Gair Rhydd
- Type: Free, fortnightly newspaper
- Format: Tabloid
- Owner: Cardiff University Students' Union
- Editor: Ruaidhrí Gillen Lynch
- Founded: 1972
- Language: English and Welsh
- Headquarters: Cardiff University Students' Union, Cardiff
- Website: gairrhydd.com

= Gair Rhydd =

Student newspaper of Cardiff University

Gair Rhydd (/cy/, meaning "free word"; stylised in lowercase) is the official student newspaper of Cardiff University. Gair Rhydd is a member of Cardiff Student Media, and is funded by Cardiff Students' Union (CSU). Gair Rhydd is managed by Elaine Morgan, but the editorial team is composed of student volunteers.

Its sections cover local news, politics, student opinions, entertainment media, sport, and campus and Cardiff city life. It also features a Welsh-language section called Taf-od.

==History==
Gair Rhydd was formed as part of the merger between University College Cardiff (UCC) and the University of Wales Institute of Science and Technology (UWIST). UCC students previously produced a student newspaper called Broadsheet, a direct predecessor to Gair Rhydd. W was produced from 1946 to 1971. The paper was founded by students John Hartley and Dave Aldridge, stating in the first editorial that the purpose behind the paper aimed to be "free because you don't pay for it, and free because you can say what you want in it".

The paper was one of the UK's earliest adopters of the World Wide Web when they began publishing issues online in 1993 after former editor John Rostron was made aware of the possibility by a student from the university's maths department.

The newspaper has won several student media awards, including Newspaper of the Year at the Guardian Student Media Awards 2005, Best Student Publication in Wales 2023, and second place at the Student Publication Awards for its design in 2025.

In 2018, the National Eisteddfod was led by student journalists from Cardiff University. To commemorate this, Gair Rhydd worked in conjunction with the event to release an all-Welsh issue of the newspaper, for the first time in their print history. This edition was released into print for issue #1118, on 10 August 2018.

==Controversies==
Former editor Tom Wellingham and two other student journalists were suspended when, on 4 February 2006, they reproduced a controversial cartoon depicting Mohammed. The issue was withdrawn from publication (98% of copies retrieved) within a day of being released, and the Cardiff University Students' Union issued an apology. Cartoons were reinstated as a regular feature in issue #1081 in 2016.

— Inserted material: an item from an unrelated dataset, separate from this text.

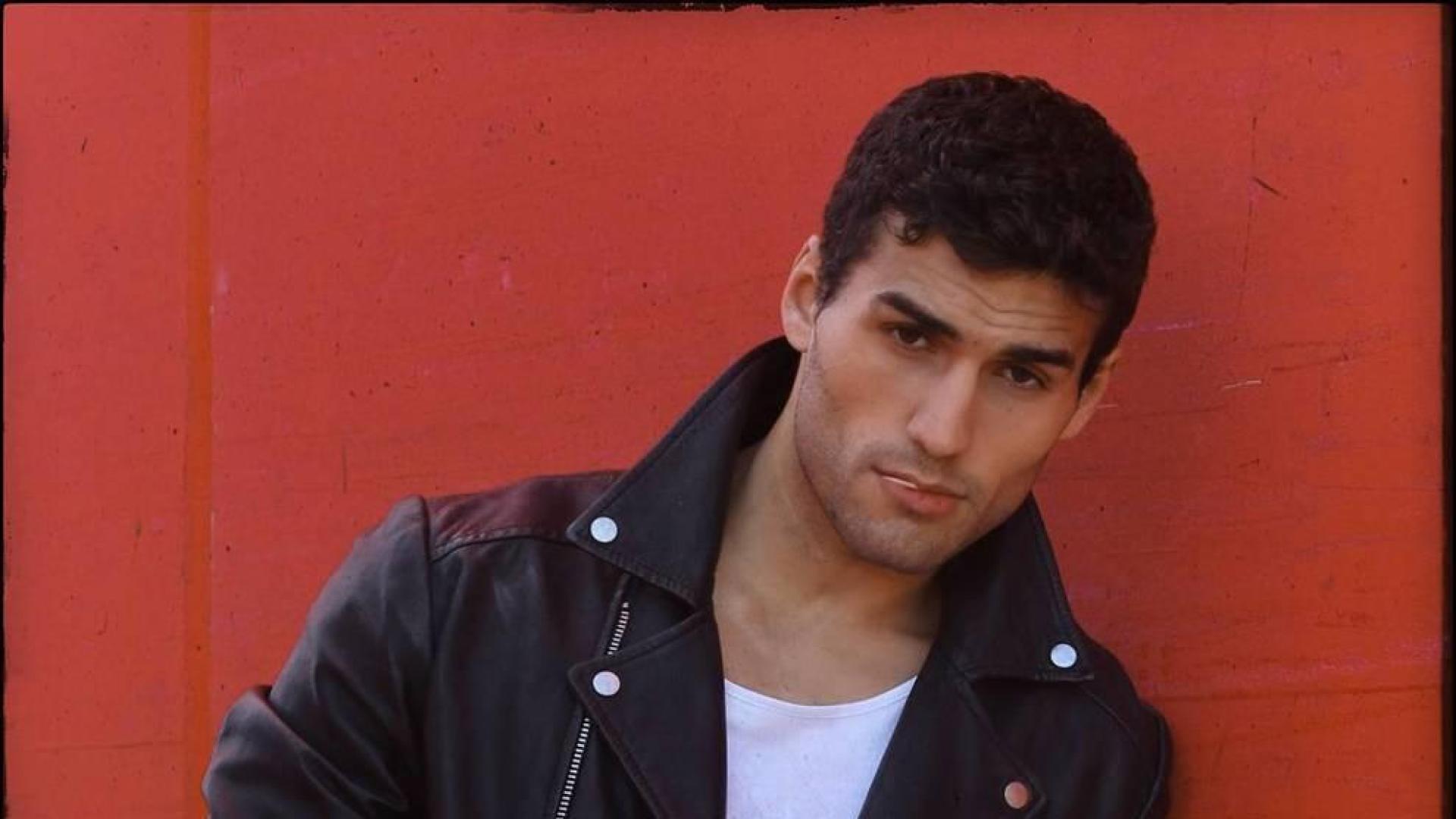 Javier Achaga (@javierachaga en Instagram) acaba de terminar un grado superior en Actividades Físico-Deportivas y trabaja como camarero en un bar de San Nicolás.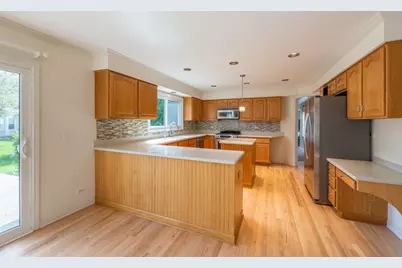 931 Ambria Drive, Mundelein, IL 60060 - Photo 9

In 2026, the newspaper was under fire after an article was published both online and in print issue #1215 on 9 February 2026. The article's title and select choice of vocabulary relating to the term "Senghetto"– a documented term referring to the poor quality of accommodation provided to those living in Senghennyd Court – came under scrutiny by the UMCC, who argued that the article "underplays the history of the term". Gair Rhydd's editorial leadership at the time responded, noting that the article had been reviewed by Cardiff Students' Union and was found not to be in breach of the media code Gair Rhydd is bound by, and that the UMMC had "misrepresented" the article by framing it as an attack against the Welsh language. Gair Rhydd maintained that the article was no such attack, arguing that its conclusion supported the same position held by UMCC.